# cleaning the sand?



## squeekee35 (Feb 9, 2010)

I am thinking of starting a saltwater tank....but am still researching, and reading, and saving money.

My question is, how do you clean the sand at the bottom of the tank? Can you use an aquarium vacuum on it, or will it suck up the sand? If you can't use a vacuum then how are you supposed to get waste out of the bottom of the tank?

Angel


----------



## sbetsy (Apr 6, 2010)

I don't have a saltwater tank, I keep freshwater but I have sand. I use a vacuum on it, but I have to have it "hover" over the sand surface (about 1/2 to 1 inch above). It pulls up the waste but unfortunately it also tends to pull up some sand, especially if you have heavy waste or larger leaves from plants or whatever that you are trying to pull off the sand.


----------



## petlovingfreak (May 8, 2009)

in a saltwater tank that's what you use sand sifting inverts for.

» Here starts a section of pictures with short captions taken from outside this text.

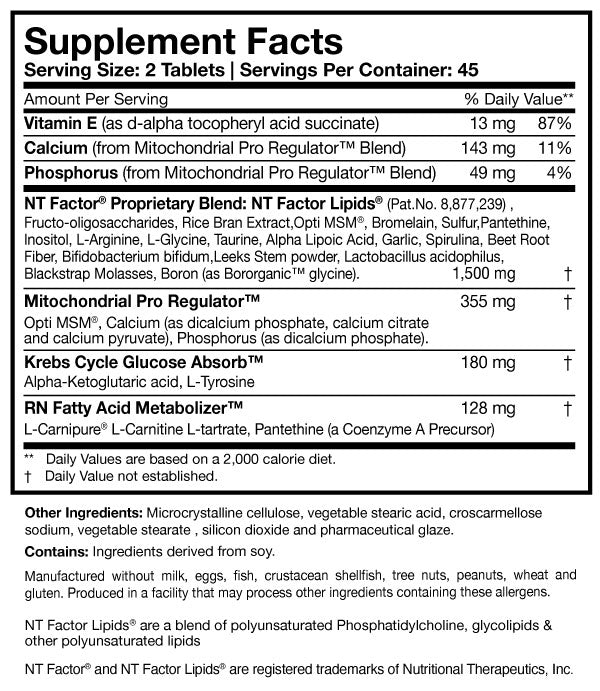 Close-up of two tablets from Researched Nutritionals NT Factor Energy showing detailed texture and ingredients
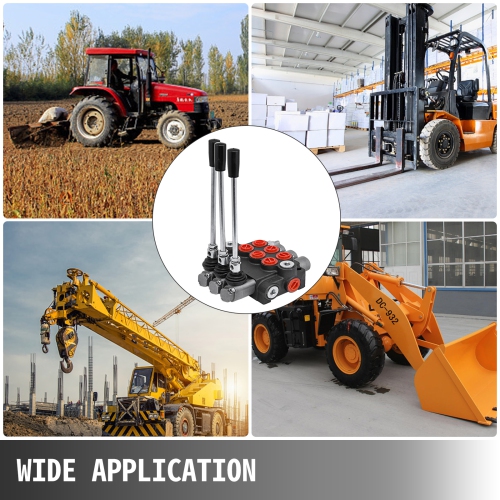 VEVOR 3 Spool Hydraulic Control Valve 11GPM Hydraulic Directional Control Valve Double Acting Hydraulic Valve for Tractors Loaders Tanks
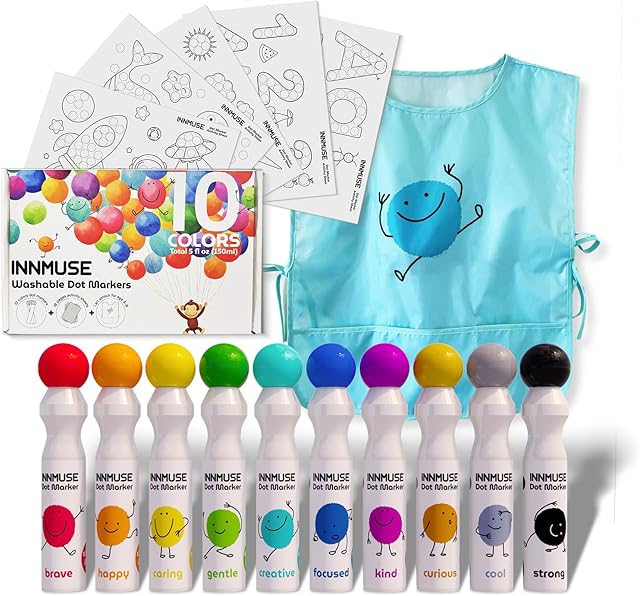 The Washable Dot Markers for Kids, 10 Colors Dot Paints, Included Smock, Printed and PDF Activity Sheets, Arts and Crafts for Kids 3-5, Bingo Daubers, Preschool Learning Activities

Like sand sifting snails, they do a great job of eating decaying matter and stirring the sand, we have tons of these in our tanks. Also sand sifting starfish are good too, but not as cheap as snails.


----------



## Revolution1221 (Apr 20, 2010)

at work since we cant really regularly stock all the inverts and everything that will stir the sand do to availability we have built in plenums. unsighlty but they do a great job of allowing water to flow through the sand.


----------